Oelberg (1986) represents Richter’s mature abstract style. The most significant innovation in his 1980s abstract paintings was the use of a plastic spatula as an additional tool for applying paint and achieving special painterly effects. Richter’s spatulas varied in size; the largest was three meters in length and could imitate the effects of large paintbrushes. He also used other tools, like squeegees, palette knives, wooden utensils, and different types of brushes.

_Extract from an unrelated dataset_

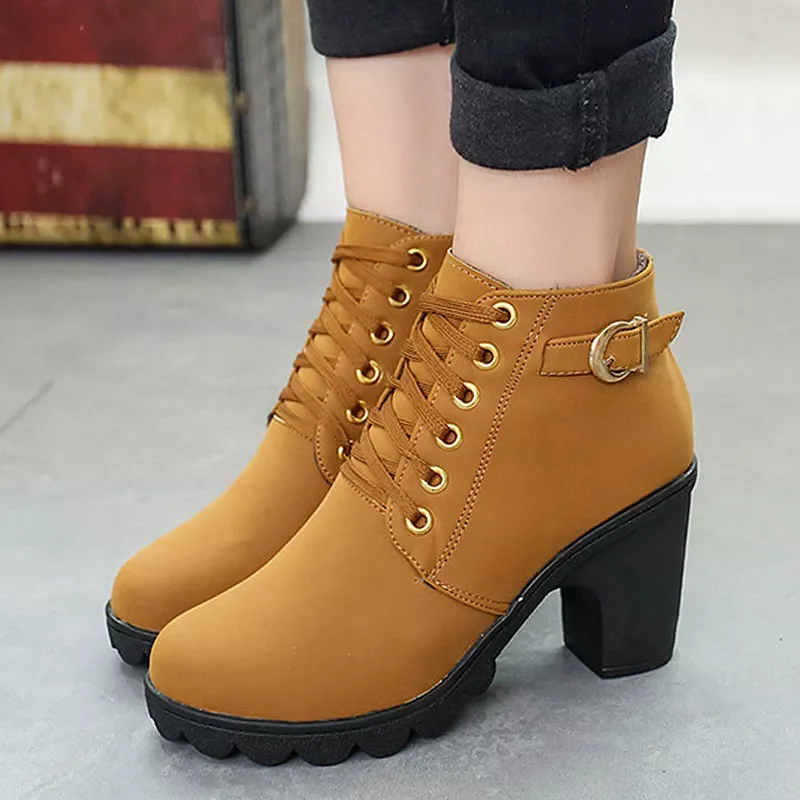 

Женская обувь из ПУ кожи, на высоком каблуке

To understand the evolvement of Richter’s abstract style, we need to understand the process of creation of paintings like Oelberg. The artist developed such paintings through multiple layers of paint. Throughout the 1980s, Richter worked on integrating these layers into compelling artwork. At first, Richter stretched the large canvas on the floor applied diluted paint in tones of yellow, orange, red, green, and blue. This initial layer served as a base for working with the spatula. Many times this layer had geometric shapes that became obscured in the final painting. Richter often left some of the under-layers visible, usually on the edges of the canvas. In Oelberg, the under-layer is seen in the blue rectangle in the upper left corner of the canvas, and in the yellow, pink, and green along the lower edge of the painting. In the following phase, Richter would mount the painting on the wall and then work on the second layer with the help of the spatula. The top layers were applied with the spatula, starting from the top and moving downward to imitate the effect of broad downward brushstrokes. Richter worked with the edge of the spatula, adjusting and changing the pressure to control the density of the color and create diverse painterly effects. For instance, the slow pulling of the thick paint produced the broad lines of paint that stretch-out over the surface. Finally, to complete the last details on Oelberg, Richter most likely worked with large brushes.

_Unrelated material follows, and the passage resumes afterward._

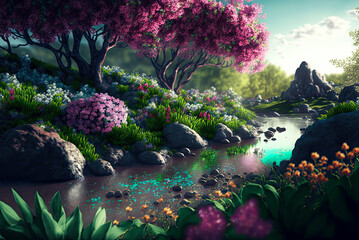 Spring landscape, fantasy, stream, red flowering trees. Generative AI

The title of the painting, Oelberg, has multiple layers of meaning. On a personal level, it relates to the name of the street in which the grandparents of Richter’s former wife, the artist Isa Genzken, reside (Richter and Genzken were together between 1982 and 1993). Oelberg is also the name of the highest hill in the Sieben Mountain range southeast of Bonn. Additionally, it was the original name of the Mount of Olives in the New Testament. Like the multi-layered painting, the title can be associated with Richter’s personal life, a natural setting, and a Biblical reference. As the title suggests, the viewer can find some elements of a landscape in the abstract vision of Oelberg.
Similarly, Richter often created a blur effect in his photo-paintings, as in Child on a Horse (1965), that gave the image an abstract quality. It reflected the tension between the figurative and the abstract in Richter’s paintings. Richter continued to produce elaborate abstract paintings like Oelberg until 1988, at which point he once again turned his attention to figurative painting, creating the series 18 Oktober 1977.